What to do: Return the stretch from the line with "carpeted empty room with vaulted ceiling" through the line with "Una casa moderna" in the data below, character for character, skipping all pictures.

Available records:
==*==
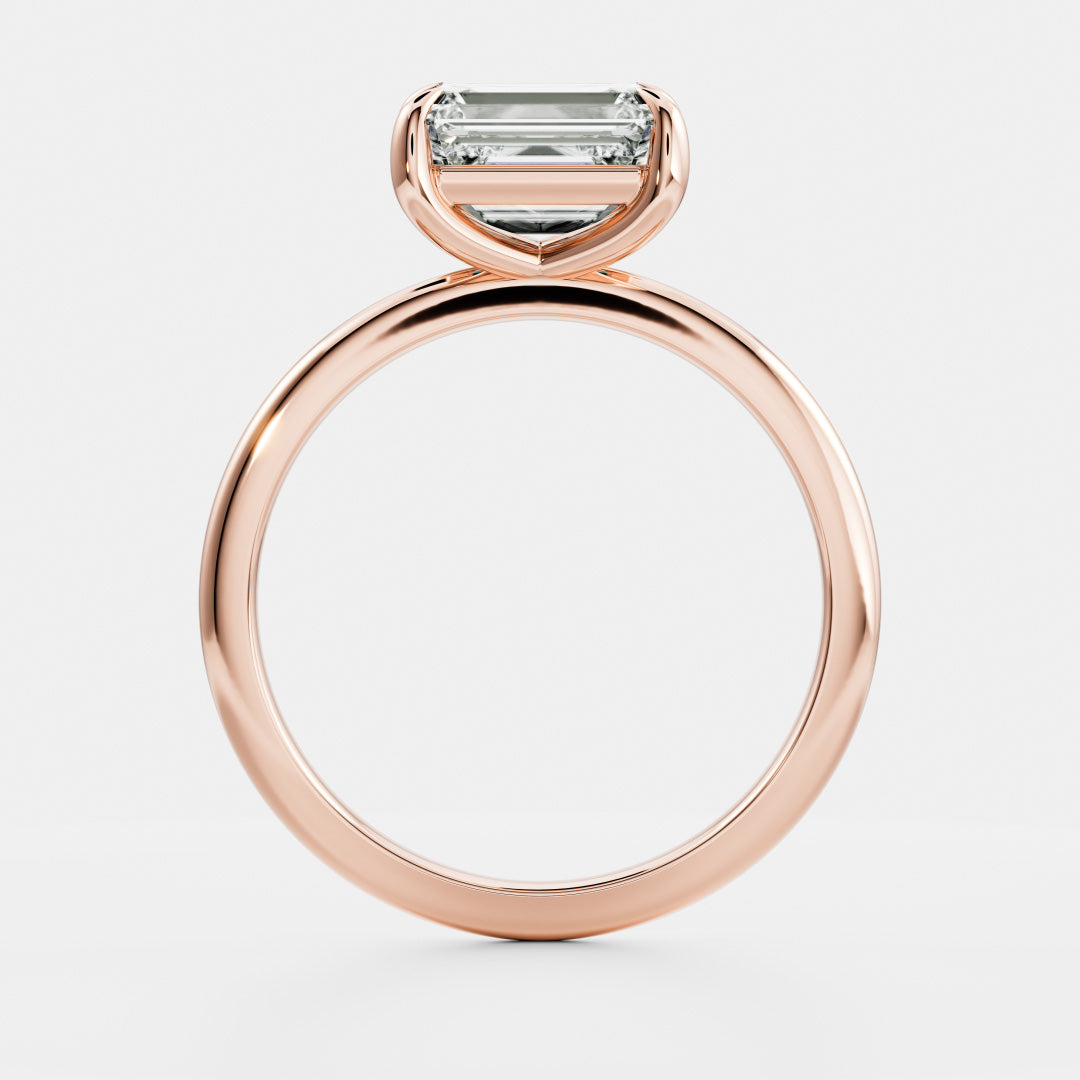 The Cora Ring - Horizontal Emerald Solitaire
==*==
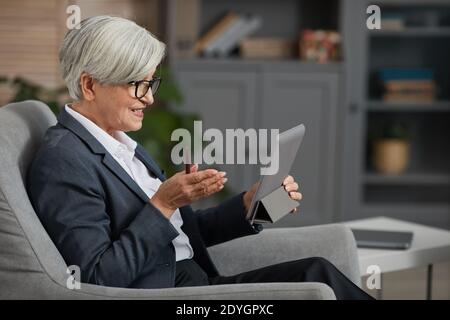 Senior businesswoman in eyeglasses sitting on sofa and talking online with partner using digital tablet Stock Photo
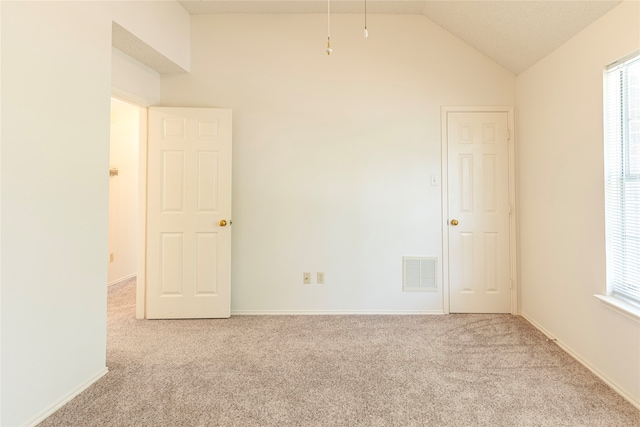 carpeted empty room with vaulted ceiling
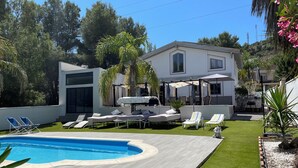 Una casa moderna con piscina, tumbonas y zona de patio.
==*==
Response box:
 carpeted empty room with vaulted ceiling
 Una casa moderna con piscina, tumbonas y zona de patio.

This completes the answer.